++++ MATERIAL TO PROCESS ++++

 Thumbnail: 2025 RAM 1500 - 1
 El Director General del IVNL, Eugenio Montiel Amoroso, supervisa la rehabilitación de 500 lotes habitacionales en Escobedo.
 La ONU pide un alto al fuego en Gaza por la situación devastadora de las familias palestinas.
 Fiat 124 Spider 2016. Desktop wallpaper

++++
++++ MATERIAL TO PROCESS ++++

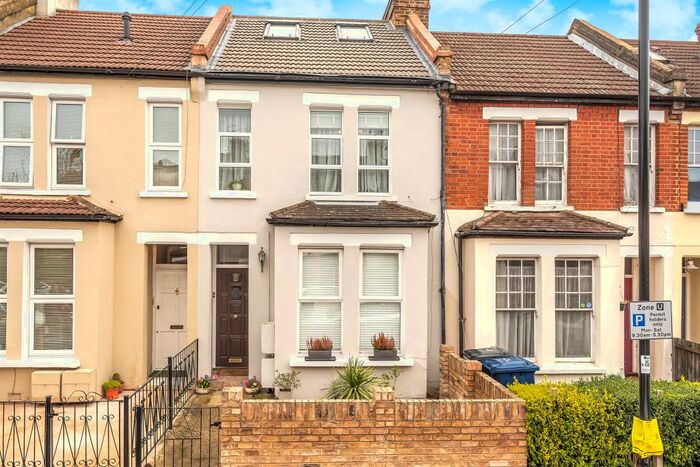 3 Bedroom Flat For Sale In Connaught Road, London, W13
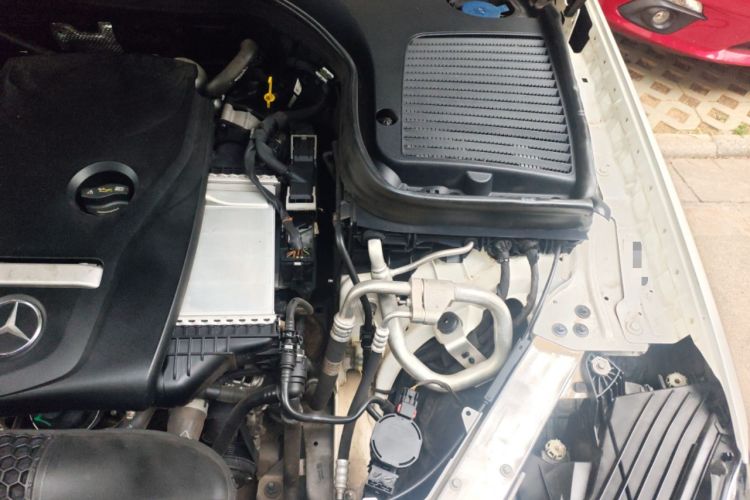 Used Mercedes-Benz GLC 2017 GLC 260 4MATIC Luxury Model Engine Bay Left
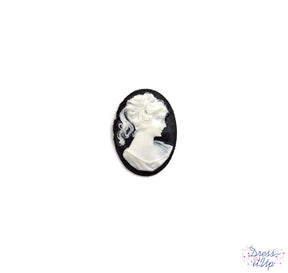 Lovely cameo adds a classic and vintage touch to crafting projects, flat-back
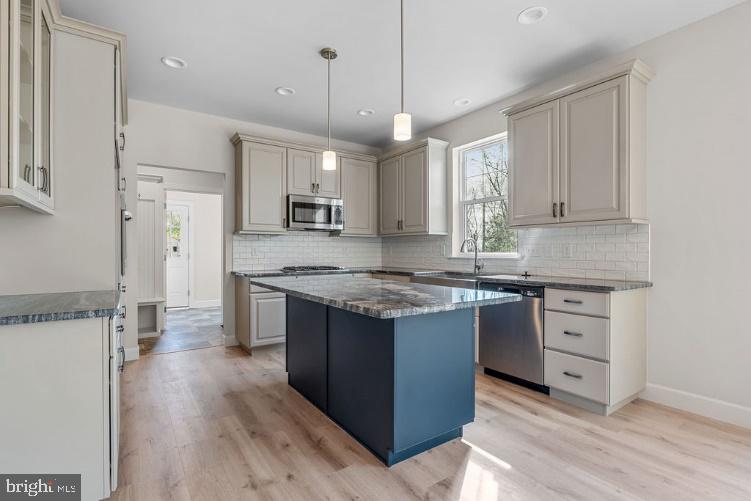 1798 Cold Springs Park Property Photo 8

++++

ACTIVITY:
Can you repeat, word for word, every line above from the one containing "La ONU pide" down to the one containing "Fiat 124 Spider 2016. Desktop wallpaper", including both?

FINISHED EXERCISE:
 La ONU pide un alto al fuego en Gaza por la situación devastadora de las familias palestinas.
 Fiat 124 Spider 2016. Desktop wallpaper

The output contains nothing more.